1.Waar hierna wordt verwezen naar paginanummers, wordt - tenzij anders vermeld - gedoeld op paginanummers uit het proces-verbaal van politie district Parkstad-Limburg, proces-verbaalnummer PL2300-2015077091-40, gesloten d.d. 18 mei 2015, doorgenummerd van pagina 1 tot en met pagina 141.
2.Het proces-verbaal van bevindingen d.d. 26 april 2015, pag. 61.
3.Fotomap letselfoto’s slachtoffer d.d. 26 april 2015, foto 4 pagina 90.
4.Medische informatie [slachtoffer] d.d. 26 april 2015, pag. 81.
5.Letselbeschrijving [slachtoffer] GGD Zuid-Limburg, pag. 121 en 122.
6.Het proces-verbaal van verhoor benadeelde d.d. 26 april 2015, pag. 44.
7.Het proces-verbaal van verhoor meerderjarige verdachte d.d. 28 april 2015, pag. 48.
8.De verklaring van de verdachte ter terechtzitting afgelegd op 23 september 2015.
9.Het proces-verbaal van 2e verhoor meerderjarige verdachte d.d. 27 april 2015, pag. 33 en 34.
10.Proces-verbaal van bevindingen foto’s d.d. 29 april 2015, pag. 77.

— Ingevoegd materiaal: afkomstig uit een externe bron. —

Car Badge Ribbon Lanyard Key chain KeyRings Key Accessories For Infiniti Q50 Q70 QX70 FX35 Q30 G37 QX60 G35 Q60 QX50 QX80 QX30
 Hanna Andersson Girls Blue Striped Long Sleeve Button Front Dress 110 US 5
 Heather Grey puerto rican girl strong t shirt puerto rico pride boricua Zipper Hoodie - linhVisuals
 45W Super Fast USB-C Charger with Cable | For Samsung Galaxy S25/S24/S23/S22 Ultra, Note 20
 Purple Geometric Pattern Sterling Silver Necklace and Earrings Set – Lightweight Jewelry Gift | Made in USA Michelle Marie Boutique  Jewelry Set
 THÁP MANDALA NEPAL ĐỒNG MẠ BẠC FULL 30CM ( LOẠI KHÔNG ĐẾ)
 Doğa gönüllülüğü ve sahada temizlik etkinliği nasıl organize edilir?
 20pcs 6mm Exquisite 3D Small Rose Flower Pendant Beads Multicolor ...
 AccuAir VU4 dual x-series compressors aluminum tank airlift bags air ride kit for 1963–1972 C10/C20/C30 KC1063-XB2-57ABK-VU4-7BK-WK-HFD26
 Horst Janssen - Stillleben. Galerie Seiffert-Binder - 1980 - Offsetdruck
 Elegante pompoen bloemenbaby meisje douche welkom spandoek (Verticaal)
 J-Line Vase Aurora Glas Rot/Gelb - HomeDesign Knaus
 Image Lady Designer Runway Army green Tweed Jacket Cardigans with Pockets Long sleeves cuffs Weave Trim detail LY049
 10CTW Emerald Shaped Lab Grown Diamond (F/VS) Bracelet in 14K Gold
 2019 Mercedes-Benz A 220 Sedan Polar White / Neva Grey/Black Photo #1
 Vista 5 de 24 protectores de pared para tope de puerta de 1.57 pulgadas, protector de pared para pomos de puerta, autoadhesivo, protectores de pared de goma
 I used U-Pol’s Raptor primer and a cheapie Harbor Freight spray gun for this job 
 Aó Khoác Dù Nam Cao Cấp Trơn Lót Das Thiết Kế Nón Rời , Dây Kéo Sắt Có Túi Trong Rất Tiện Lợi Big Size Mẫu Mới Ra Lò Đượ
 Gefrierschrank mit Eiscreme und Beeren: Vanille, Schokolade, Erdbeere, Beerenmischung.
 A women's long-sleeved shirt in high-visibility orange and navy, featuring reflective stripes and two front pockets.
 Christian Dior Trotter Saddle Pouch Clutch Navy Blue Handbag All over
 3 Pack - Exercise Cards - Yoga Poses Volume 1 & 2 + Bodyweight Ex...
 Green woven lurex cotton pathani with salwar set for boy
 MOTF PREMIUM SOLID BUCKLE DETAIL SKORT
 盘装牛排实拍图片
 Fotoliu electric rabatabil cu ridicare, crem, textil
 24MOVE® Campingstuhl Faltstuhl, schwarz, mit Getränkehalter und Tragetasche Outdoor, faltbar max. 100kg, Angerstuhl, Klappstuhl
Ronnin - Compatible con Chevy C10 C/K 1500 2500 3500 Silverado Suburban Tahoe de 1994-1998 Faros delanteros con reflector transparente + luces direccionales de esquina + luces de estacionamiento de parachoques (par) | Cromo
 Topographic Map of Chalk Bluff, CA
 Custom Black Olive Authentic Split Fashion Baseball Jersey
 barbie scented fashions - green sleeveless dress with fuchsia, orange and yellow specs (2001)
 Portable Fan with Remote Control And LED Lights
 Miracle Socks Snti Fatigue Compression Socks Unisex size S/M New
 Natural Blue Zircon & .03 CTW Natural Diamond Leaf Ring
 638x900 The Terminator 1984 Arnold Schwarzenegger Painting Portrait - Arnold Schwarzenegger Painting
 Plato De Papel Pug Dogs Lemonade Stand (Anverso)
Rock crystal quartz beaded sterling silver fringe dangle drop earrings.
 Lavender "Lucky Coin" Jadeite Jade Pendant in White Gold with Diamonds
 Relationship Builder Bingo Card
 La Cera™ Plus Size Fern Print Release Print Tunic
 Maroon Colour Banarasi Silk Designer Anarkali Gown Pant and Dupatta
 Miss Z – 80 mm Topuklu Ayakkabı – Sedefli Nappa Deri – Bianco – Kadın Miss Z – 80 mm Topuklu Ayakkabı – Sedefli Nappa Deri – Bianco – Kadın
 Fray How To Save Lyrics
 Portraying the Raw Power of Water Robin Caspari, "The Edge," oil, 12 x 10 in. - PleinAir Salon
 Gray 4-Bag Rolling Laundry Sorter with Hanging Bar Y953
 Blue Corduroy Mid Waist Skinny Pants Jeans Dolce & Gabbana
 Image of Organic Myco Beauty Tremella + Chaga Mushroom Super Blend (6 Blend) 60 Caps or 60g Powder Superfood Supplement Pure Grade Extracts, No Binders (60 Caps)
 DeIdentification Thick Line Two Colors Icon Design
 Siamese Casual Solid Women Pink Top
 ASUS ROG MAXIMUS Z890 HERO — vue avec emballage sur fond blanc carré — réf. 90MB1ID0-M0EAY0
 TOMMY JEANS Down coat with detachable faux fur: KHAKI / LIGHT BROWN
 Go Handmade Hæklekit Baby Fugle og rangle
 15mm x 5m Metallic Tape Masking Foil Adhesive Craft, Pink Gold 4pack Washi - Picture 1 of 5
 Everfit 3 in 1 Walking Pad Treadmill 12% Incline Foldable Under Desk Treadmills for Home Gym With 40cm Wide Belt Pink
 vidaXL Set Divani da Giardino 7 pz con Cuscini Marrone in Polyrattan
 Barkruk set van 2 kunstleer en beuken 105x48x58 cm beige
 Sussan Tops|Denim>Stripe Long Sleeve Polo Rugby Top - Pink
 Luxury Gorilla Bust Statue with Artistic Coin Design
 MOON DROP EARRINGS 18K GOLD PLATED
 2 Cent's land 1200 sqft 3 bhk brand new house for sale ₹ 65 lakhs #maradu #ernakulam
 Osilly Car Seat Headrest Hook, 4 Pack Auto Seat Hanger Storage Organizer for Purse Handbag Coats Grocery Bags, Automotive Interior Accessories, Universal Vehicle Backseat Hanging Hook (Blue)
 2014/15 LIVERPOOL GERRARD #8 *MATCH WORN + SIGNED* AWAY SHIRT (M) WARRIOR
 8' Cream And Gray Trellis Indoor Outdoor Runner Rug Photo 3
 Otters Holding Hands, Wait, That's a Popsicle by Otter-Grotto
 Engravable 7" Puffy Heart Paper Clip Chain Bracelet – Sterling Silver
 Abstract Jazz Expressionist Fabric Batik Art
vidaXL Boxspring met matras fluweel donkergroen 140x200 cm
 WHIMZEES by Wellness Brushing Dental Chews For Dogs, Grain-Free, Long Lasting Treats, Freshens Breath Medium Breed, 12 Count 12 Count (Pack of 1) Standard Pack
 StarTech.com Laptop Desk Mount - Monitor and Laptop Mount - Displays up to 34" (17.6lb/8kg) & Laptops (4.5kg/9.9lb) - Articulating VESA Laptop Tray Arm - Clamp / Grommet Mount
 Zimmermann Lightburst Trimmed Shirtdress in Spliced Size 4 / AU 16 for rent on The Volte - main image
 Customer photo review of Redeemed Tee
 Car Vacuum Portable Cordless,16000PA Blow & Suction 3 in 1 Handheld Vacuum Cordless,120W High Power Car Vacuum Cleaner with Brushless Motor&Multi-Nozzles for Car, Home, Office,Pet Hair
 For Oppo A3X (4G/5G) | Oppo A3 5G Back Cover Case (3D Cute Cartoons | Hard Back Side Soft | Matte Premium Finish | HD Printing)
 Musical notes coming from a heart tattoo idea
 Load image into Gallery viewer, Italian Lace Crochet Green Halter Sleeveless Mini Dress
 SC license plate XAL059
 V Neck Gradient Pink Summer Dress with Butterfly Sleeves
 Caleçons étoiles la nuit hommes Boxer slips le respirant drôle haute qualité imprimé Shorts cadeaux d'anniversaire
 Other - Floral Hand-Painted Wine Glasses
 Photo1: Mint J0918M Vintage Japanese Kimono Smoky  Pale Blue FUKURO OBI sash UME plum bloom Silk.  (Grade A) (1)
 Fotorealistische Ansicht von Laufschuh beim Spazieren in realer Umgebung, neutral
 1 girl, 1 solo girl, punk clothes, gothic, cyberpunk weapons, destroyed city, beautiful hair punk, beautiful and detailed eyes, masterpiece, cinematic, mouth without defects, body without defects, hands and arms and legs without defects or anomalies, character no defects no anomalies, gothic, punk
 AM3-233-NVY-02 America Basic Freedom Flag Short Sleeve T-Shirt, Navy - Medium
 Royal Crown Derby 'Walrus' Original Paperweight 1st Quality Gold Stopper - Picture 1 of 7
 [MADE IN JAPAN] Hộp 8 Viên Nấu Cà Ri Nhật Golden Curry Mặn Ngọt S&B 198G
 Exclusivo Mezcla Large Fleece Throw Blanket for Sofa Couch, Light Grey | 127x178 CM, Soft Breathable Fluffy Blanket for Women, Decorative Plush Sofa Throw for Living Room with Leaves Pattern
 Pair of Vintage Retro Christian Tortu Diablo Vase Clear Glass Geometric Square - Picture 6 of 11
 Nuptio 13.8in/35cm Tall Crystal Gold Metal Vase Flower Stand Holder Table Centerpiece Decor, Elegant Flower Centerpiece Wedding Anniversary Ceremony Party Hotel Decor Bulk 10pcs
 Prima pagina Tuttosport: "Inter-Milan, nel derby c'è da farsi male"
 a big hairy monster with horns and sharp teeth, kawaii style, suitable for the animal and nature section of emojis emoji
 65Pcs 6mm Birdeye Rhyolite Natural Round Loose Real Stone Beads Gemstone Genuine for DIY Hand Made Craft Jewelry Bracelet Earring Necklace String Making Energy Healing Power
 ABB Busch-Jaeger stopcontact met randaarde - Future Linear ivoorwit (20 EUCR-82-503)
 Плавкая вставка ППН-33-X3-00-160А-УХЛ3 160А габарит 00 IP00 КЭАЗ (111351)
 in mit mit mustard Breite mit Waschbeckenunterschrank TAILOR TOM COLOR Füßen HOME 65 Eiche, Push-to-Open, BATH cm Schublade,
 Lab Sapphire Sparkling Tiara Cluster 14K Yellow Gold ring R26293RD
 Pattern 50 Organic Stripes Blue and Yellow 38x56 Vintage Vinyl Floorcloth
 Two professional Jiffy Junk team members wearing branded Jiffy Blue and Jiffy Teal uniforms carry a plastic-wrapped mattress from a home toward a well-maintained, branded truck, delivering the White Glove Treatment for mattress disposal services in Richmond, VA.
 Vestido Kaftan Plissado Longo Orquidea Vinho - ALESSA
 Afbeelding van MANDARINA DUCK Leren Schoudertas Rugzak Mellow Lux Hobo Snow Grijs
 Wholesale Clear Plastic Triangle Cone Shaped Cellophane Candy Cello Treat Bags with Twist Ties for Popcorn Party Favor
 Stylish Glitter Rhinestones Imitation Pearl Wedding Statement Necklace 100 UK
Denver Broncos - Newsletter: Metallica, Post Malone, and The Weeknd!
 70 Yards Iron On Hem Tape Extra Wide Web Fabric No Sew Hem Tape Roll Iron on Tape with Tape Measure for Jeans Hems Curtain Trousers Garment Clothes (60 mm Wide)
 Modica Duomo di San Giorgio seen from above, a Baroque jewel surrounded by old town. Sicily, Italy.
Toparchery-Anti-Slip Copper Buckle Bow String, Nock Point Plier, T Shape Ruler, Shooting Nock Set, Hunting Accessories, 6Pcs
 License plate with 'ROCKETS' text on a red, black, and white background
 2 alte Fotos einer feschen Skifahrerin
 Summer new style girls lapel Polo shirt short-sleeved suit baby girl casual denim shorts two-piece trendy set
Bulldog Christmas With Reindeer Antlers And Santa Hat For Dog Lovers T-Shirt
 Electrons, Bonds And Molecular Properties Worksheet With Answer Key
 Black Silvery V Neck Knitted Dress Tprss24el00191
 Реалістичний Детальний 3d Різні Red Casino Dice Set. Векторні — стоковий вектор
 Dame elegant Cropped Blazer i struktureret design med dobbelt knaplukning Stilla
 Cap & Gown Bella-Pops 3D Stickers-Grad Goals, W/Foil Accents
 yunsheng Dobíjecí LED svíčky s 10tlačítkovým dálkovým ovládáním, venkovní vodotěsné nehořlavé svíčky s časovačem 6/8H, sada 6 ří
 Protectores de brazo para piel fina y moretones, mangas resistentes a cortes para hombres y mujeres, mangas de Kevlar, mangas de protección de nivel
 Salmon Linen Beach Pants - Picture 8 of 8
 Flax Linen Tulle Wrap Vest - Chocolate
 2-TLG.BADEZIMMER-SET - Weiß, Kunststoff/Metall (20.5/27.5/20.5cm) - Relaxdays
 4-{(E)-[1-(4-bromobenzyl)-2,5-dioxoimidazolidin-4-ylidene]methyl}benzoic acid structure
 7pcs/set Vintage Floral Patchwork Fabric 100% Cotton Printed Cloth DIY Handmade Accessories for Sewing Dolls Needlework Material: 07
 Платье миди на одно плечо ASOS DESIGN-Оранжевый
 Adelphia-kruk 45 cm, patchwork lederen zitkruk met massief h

11.Kennisgeving van inbeslagneming mes d.d. 26 april 2015, pag. 14.
12.Proces-verbaal sporenonderzoek d.d. 1 mei 2015, pag. 117 en 118.
13.Het proces-verbaal van verhoor benadeelde d.d. 26 april 2015, pag. 44.
14.Letselbeschrijving [slachtoffer] GGD Zuid-Limburg, pag. 121 en 122.